Cobalt was quantified, and the ultraviolet-visible (UV-Vis) absorption profiles were obtained, using a VARIAN Cary 50 (UV-Vis) spectrometer. Cobalt determination was performed at 520 nm after dissolution of the coordination compound ([Co(diNOsar)]Cl₃) in concentrated sulfuric acid. For the immobilized coordination complex, the solid was previously treated with hydrofluoric acid to dissolve the zeolite.

IR spectroscopy was performed using a Perkin Elmer (FT-IR) Paragon 500. For each analysis, the sample was mixed with KBr (2 mg of sample in 200 mg of KBr) and was compressed to form a transparent tablet. X-ray powder diffraction was carried out on an X-Pert Pro MPD PANalytical diffractometer (Cu Kα = 1.54060 Å) with 2θ geometry and Bragg-Brentano configuration at room temperature using a step size of 0.01º and a step time of 10 s. The apparent density of the solids was measured using a 5 mL pycnometer (DIN) with ether.

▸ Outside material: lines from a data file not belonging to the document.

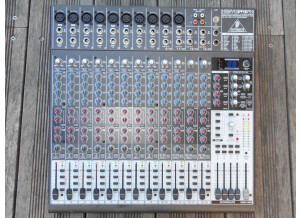 Behringer Xenyx 2442FX (69937)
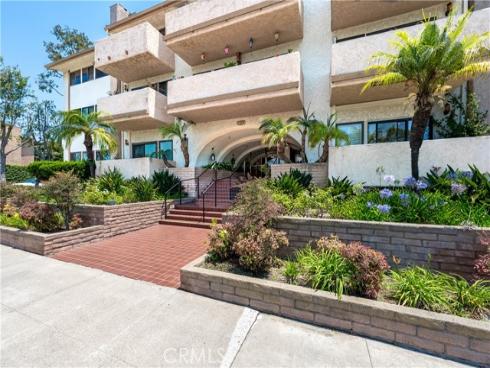 12300  Montecito  27 , Seal Beach, CA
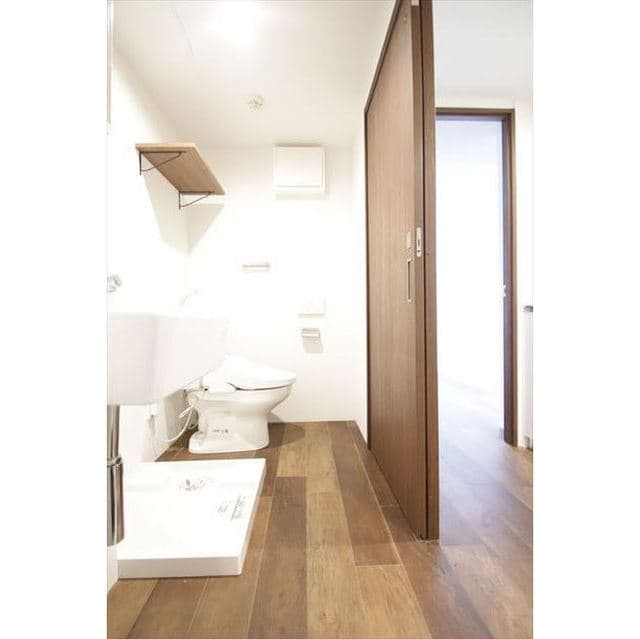Room image 15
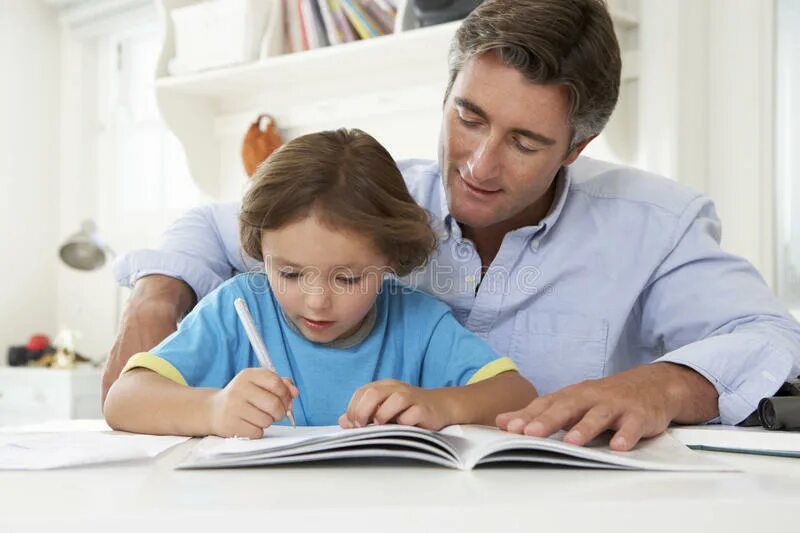 Отец на работе. К отцу на работу. у папы на работе. к отцу на работу фото. how to help my son with his homework.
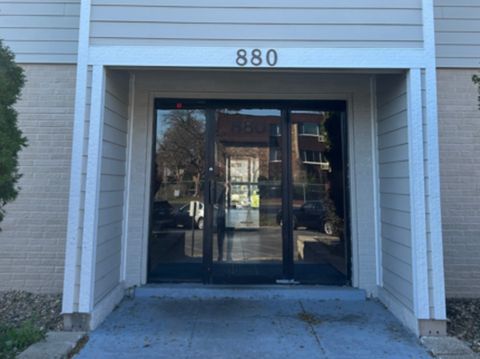 Photo of 880 E Old Willow Road #171, Prospect Heights, IL 60070 (MLS # 12476397)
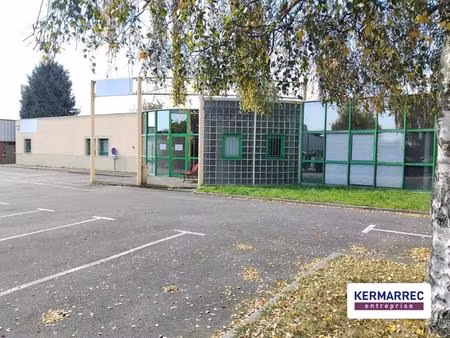 location local d'activités 980 m²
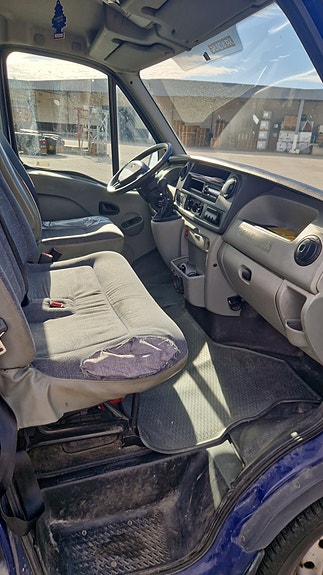Nissan Interstar 10 of 13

Hydrogen peroxide formation

The formation of H₂O₂ from oxygen dissolved in water was monitored according to the procedure described by Sargeson et al.⁹ with slight modifications. Solid catalyst (0.1 g) was added to 50 mL of distilled/deionized water (resistivity: 14.2 MΩ.cm) at room temperature (20 °C, controlled with a thermostat) with constant stirring. Sodium borohydride, NaBH₄, (0.3 g, Sigma-Aldrich, 98%) was added to reduce Co(III) to Co(II) in the complex cation diNOsarcobalt(III). Next, the solution was acidified with 0.5 mL of 1 M HCl. Finally, O₂ (2 mL/min) was bubbled into the aqueous suspension for 2 hours. It is worthwhile to mention that the structure of the complex is maintained despite the change in the oxidation number of the metal ion from Co(III) to Co(II), so that diNOsarcobalt(III) is a stable precursor and the active species contains Co(II). The catalytic cycle comprises the oxidizing of a coordination complex that contains a metal ion capable of existing in at least two oxidation states, said coordination complex being sufficiently stable for the metal ion to be oxidized and reduced without decomposition of the complex; the cycle begins with said metal ion in its lower oxidation state.⁹

Hydrogen peroxide produced during the reaction was quantified by the production of oxygen from the catalyzed decomposition of hydrogen peroxide with potassium iodide (KI). The reaction suspension (water and catalyst) was filtered, and the resulting solution was placed in a sealed and temperature-controlled (20 °C) container of 100 mL volume. KI (0.1 g) was then added, and the oxygen produced over several minutes was quantified using a differential pressure sensor (MPX 2010), assuming that an increase of pressure in this system arises entirely from the oxygen produced by the catalyzed decomposition of H₂O₂. This sensor was connected to a multimeter (UT60E RS232C) and a computer (software UT60E Interface Program_ver 2.02).¹⁸

RESULTS AND DISCUSSION

Figure 1S shows the visual characteristics of diNOsarcobalt(III) chloride (Figure 1S-b) and tris(ethylenediamine)cobalt(III) chloride (Figure 1S-a). The characteristic color of these compounds has been reported in the literature.^9-11 Figures 1S-c and 1S-d show that the initial color of the zeolite is white, and its change to yellow results from the incorporation of the complex cation [Co(diNOsar)]³⁺.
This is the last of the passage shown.